After the sweeping robot completes full-coverage sweeping, the corresponding magnetic field map is also established, the magnetic field map can be deleted or stored by a user at the moment, and if the magnetic field map is stored, the magnetic field map can be directly called for use when the full-coverage sweeping is performed in the same environment next time. The magnetic field map can be transmitted to the designated server for a long time, and when another new sweeping robot works in the same sweeping environment next time, the corresponding magnetic field map can be downloaded to the server for direct use, so that convenience is realized, and a new magnetic field map does not need to be established.

In an embodiment, the sweeping robot is provided with four three-axis magnetic field meters, the four three-axis magnetic field meters are arranged at four vertexes of a positive direction, and the directions of the two three-axis magnetic field meters on each diagonal line are respectively overlapped with the diagonal line and opposite to each other. The specified directions are four directions of southeast, northwest, and the specific steps comprise:

starting the sweeping robot under a full-coverage sweeping strategy, wherein the sweeping robot starts to move towards any direction of south, east and west;

collecting a magnetic fingerprint for every specified distance (such as 0.2 m), collecting position information once by visual positioning system, and collecting magnetic fieldThe fingerprint is associated with the position information and stored in a database to form a magnetic field map. The magnetic field fingerprint is composed of magnetic field intensity collected by four triaxial magnetometers, for example, the four magnetometers are m respectively₁、m₂、m₃、m₄Taking m1 as an example, the magnetic field intensity m collected by the magnetic field sensor₁＝{m_1x，m_1y，m_1zAnd the magnetic field fingerprints d ═ m obtained by the four three-axis magnetometer_1x，m_1y，m_1z，m_2x，m_2y，m_2z，m_3x，m_3y，m_3z，m_4x，m_4y，m_4z}. The magnetic field map is expressed as: e_L,k＝{_{d_0},),d_1,0,…,d_L,kL is a position index, and K is an index (four, 0 degrees, 90 degrees, 180 degrees and 270 degrees) of each angle sample at the position;

when the sweeping robot is moved to another position from the traveling path by an external force, the sweeping robot starts a visual positioning system to perform positioning to obtain first position information, then adjusts the angle of the sweeping robot to obtain a magnetic field fingerprint of the current position, and then searches corresponding second position information in the established magnetic field map according to the magnetic field fingerprint; wherein, the process of adjusting the angle of the sweeping robot is as follows: because the motion track of the sweeping robot in the room is regular, the rotation step can be limited to 90 degrees, so that the sampling value at each position is limited to 4 directions. Given magnetic field map E_L,kAnd a target fingerprint d, then the nearest neighbor of d can be defined as:

by the nearest neighbor method, whether the searched fingerprint appears in the magnetic field map or not can be determined, and if the searched fingerprint appears, the current position and orientation can be obtained, so that the positioning effect is achieved.

And if the first position information is the same as the second position information, skipping the position to continue cleaning, if the first position information is not the same as the second position information or the second position information is not acquired, repositioning through a visual positioning system to acquire third position information, and if the third position information is a covered area, updating the third position information and the current magnetic field fingerprint association into a magnetic field map.

When the sweeping robot finishes full coverage, the magnetic field map is generated, and a user can select whether to store the magnetic field map for subsequent use.

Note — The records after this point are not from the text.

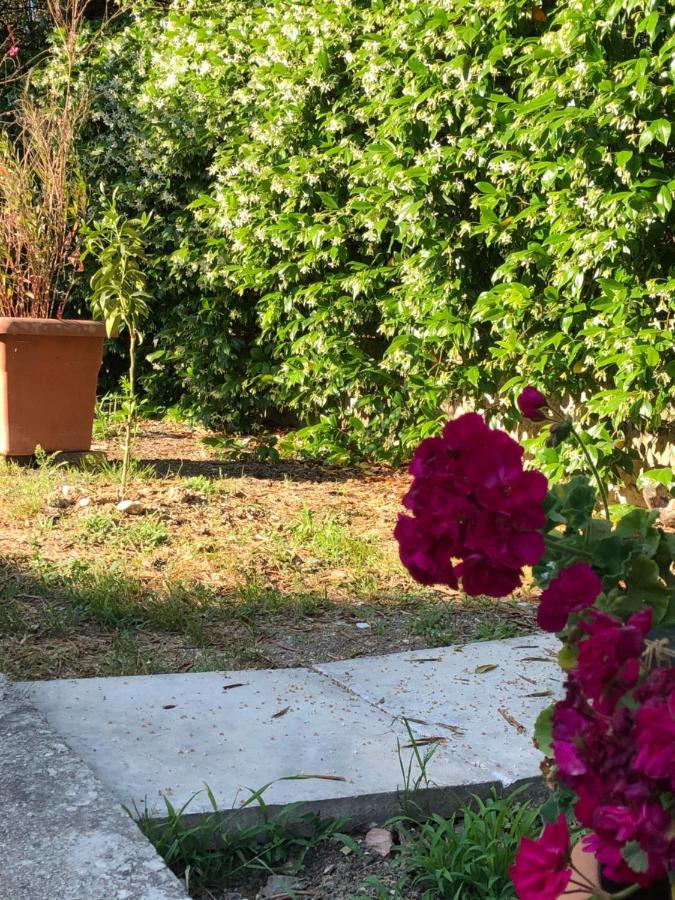 Country Flat Maria Lejlighed Evropouloi Eksteriør billede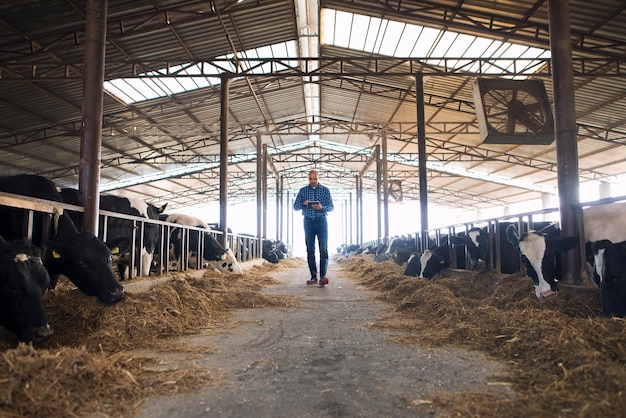 Gratis foto boer koeienboer wandelen door huisdieren boerderij met tablet en observeren van koeien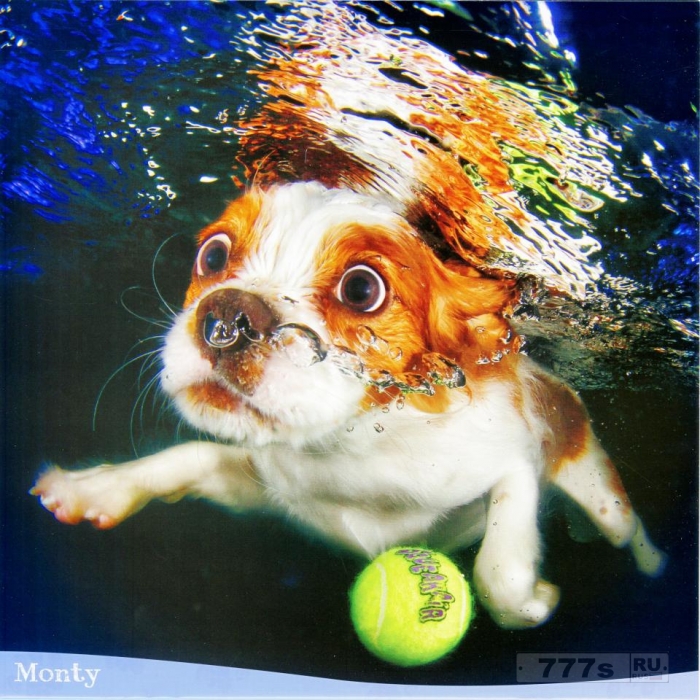 Симпатичных собак сфотографировали ныряющими под воду за шариками.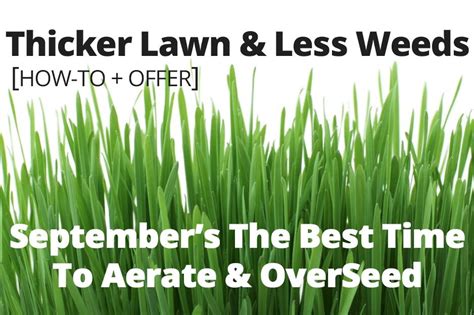 When learning how to overseed a lawn you must also pay close attention to when you do it. 3 Things To Know About Aeration & Overseeding - Lake ...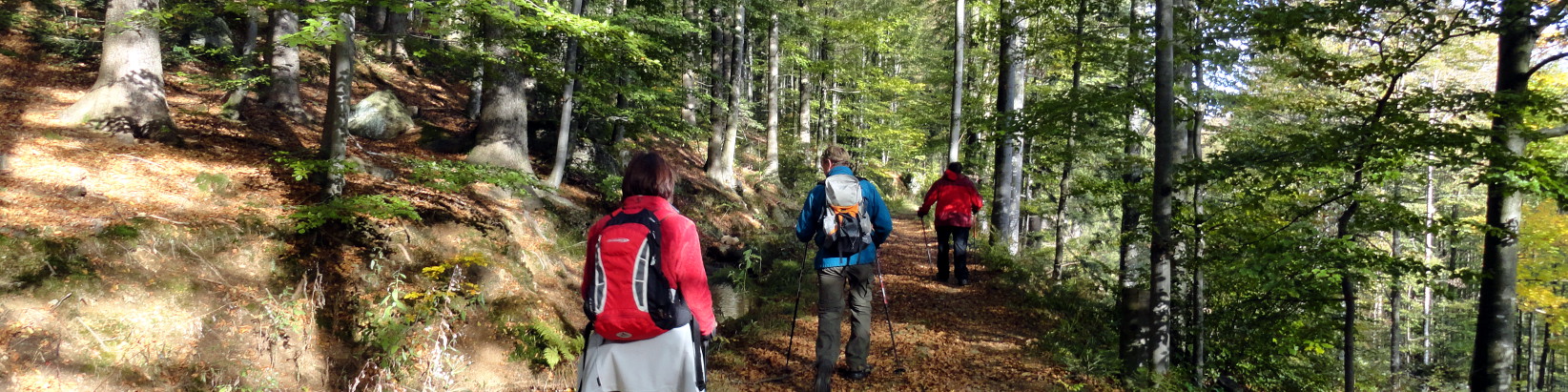 Wandern am Mühlgrabenweg in der Gemeinde Gotteszell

According to the sweeping robot disclosed by the embodiment of the invention, magnetic field fingerprints are introduced for auxiliary positioning, so that the positioning accuracy of the sweeping robot is improved, and the probability of mismatching of visual relocation in a similar environment is reduced; the magnetic field map is established autonomously and can be updated in real time.

Referring to fig. 8, an embodiment of the present invention further provides a sweeping robot, including a memory and a processor; the memory is used for storing a program of the sweeping robot for executing the positioning method of the sweeping robot in any embodiment; the processor is configured to execute the program stored in the memory.

The above description is only a preferred embodiment of the present invention, and not intended to limit the scope of the present invention, and all modifications of equivalent structures and equivalent processes, which are made by using the contents of the present specification and the accompanying drawings, or directly or indirectly applied to other related technical fields, are included in the scope of the present invention.

Claims (10)

1. A positioning method of a sweeping robot is provided with a visual positioning system, and comprises the steps of positioning the sweeping robot by using the visual positioning system to obtain first position information; the method is characterized in that after the step of positioning the sweeping robot by using the vision positioning system to obtain the first position information, the method further comprises the following steps of:

acquiring a magnetic field fingerprint of the current position of the sweeping robot;

searching second position information corresponding to the magnetic field fingerprint in a magnetic field map;

if the first position information is the same as the second position information, judging that the first position information is correct position information;

and if the first position information is different from the second position information or the second position information corresponding to the magnetic field fingerprint is not found, utilizing the visual positioning system to perform repositioning to obtain third position information, and setting the third position information as the current position information.

2. The method of claim 1, wherein the step of using the visual positioning system to reposition to obtain third location information and setting the third location information as current location information is followed by the step of:

and judging whether the third position information is the cleared area, and if so, updating the current magnetic field fingerprint and the third position information into the magnetic field map in a correlation manner.

3. The method for positioning the sweeping robot according to claim 1, wherein the method for acquiring the magnetic fingerprint by the sweeping robot comprises the following steps:

collecting magnetic field intensity in a plurality of specified directions according to a preset strategy by using a magnetic field meter arranged on the sweeping robot; the direction of the specified direction takes a preset direction as a reference direction;

and arranging the collected magnetic field strengths in a plurality of specified directions to form the magnetic field fingerprint.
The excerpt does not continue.